Why Young Readers Want Dark* Stories

All good stories deal with darkness in one form or another. It’s what makes stories. S#%& has to happen. But some books delve much deeper into the dark side than others. “Wallow” comes to mind. And they sell like hotcakes!! Why is this?

Kids love Fairy Tales. I’m talking the real, violent, scary ones where heads and limbs get chopped off and red hot coals and pokers are used in alarming ways. Albert Einstein said, “If you want your children to be intelligent, read them fairy tales.  If you want them to be more intelligent, read them more fairy tales.”

Teens love YA novels, where characters hunt one another or starve themselves to death.

We know adults love horror and tragedy. Look at the sales figures for Steven King and the staying power of Edgar Allen Poe. 

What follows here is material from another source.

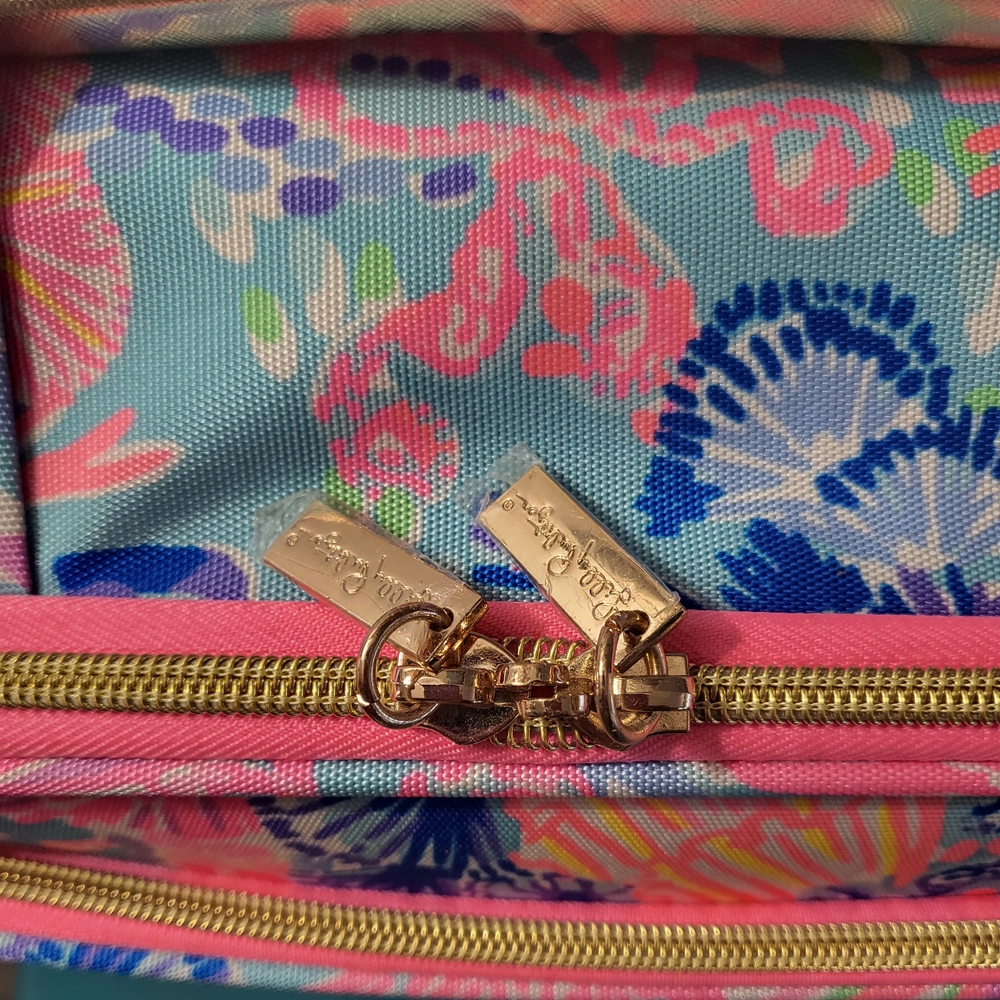 Rare Lilly Pulitzer Rolling Carry On Luggage - Picture 6 of 10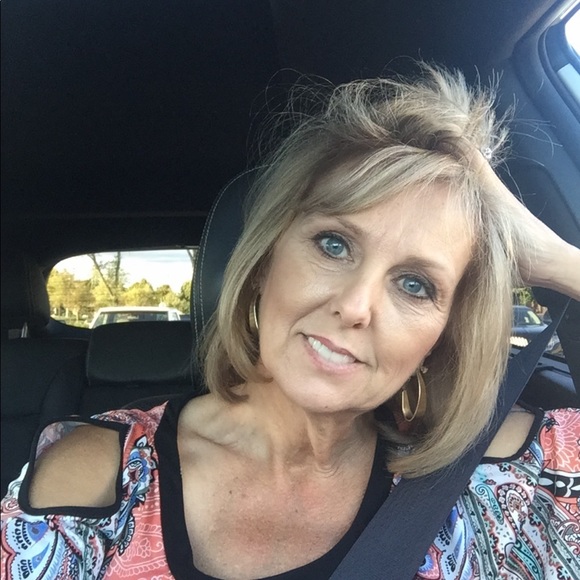 Profile Picture of Nancy Skipper (@nskipper1965) on Poshmark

Are we messed up? Masochists? Sadists?

Perhaps. But not because of the stories we read.

Of course, there are many stories that are not appropriate for children and even younger teens. The nice thing about books is that there are librarians, teachers and parents to help kids choose. This may come as a surprise but if one is too dark for a particular reader, they’ll simply put it down. Everyone has their threshold and their taste.  Some of us have really high thresholds and strong appetites.

Kids are capable of choosing what they need. Teens and kids of all ages are seeking out stories that explore darkness in its many incarnations because they make us stronger and kinder and show us the light.

 What?

That’s right. Dark stories allow us to exorcize our deepest, sometimes nameless fears. We step into the shoes of someone who is going through something overwhelming and frightening, and experience it vicariously. We try these fears on, rehearse them (in the comfort of our chair), manage them, and release them. 

It helps us understand ourselves.

It helps us understand others.

In a study published in the Journal of Science (Sept 2013, Kidd and Castano), as reported in the New York Times, reading and especially literary fiction, increases empathy, social perception, and emotional intelligence.

Dark Stories tell the truth: The world is full of suffering and we all get our share. Some get more.

Children already know this. Teens confront it regularly.

What they want, is to get a handle on it.

 Insisting dark must be avoided, and discouraging kids who are ready for it, is what can be harmful, I would argue. We parents are charged with preparing our children for life, and from the safety of our love and protection, part of this includes letting them explore that there ARE big bad wolves out there. Nothing is safer than doing so between the covers of a book. 

Plus, forewarned is forearmed. 

When we confront the fact that darkness does exist, and for some of us, even get in it up to our elbows and wallow in it, it diminishes darkness’s power over us.

Like yin and yang, the world we live in, and we humans ourselves, have darkness and light coexisting side by side. We must understand one to understand the other.

As Adam Gidwitz, the author of A TALE DARK AND GRIMM says, “It is only in the darkest places that we find the brightest beauty and the most luminous wisdom.”

*Stories with unsettling situations and characters who cause or endure loss, suffering, and death.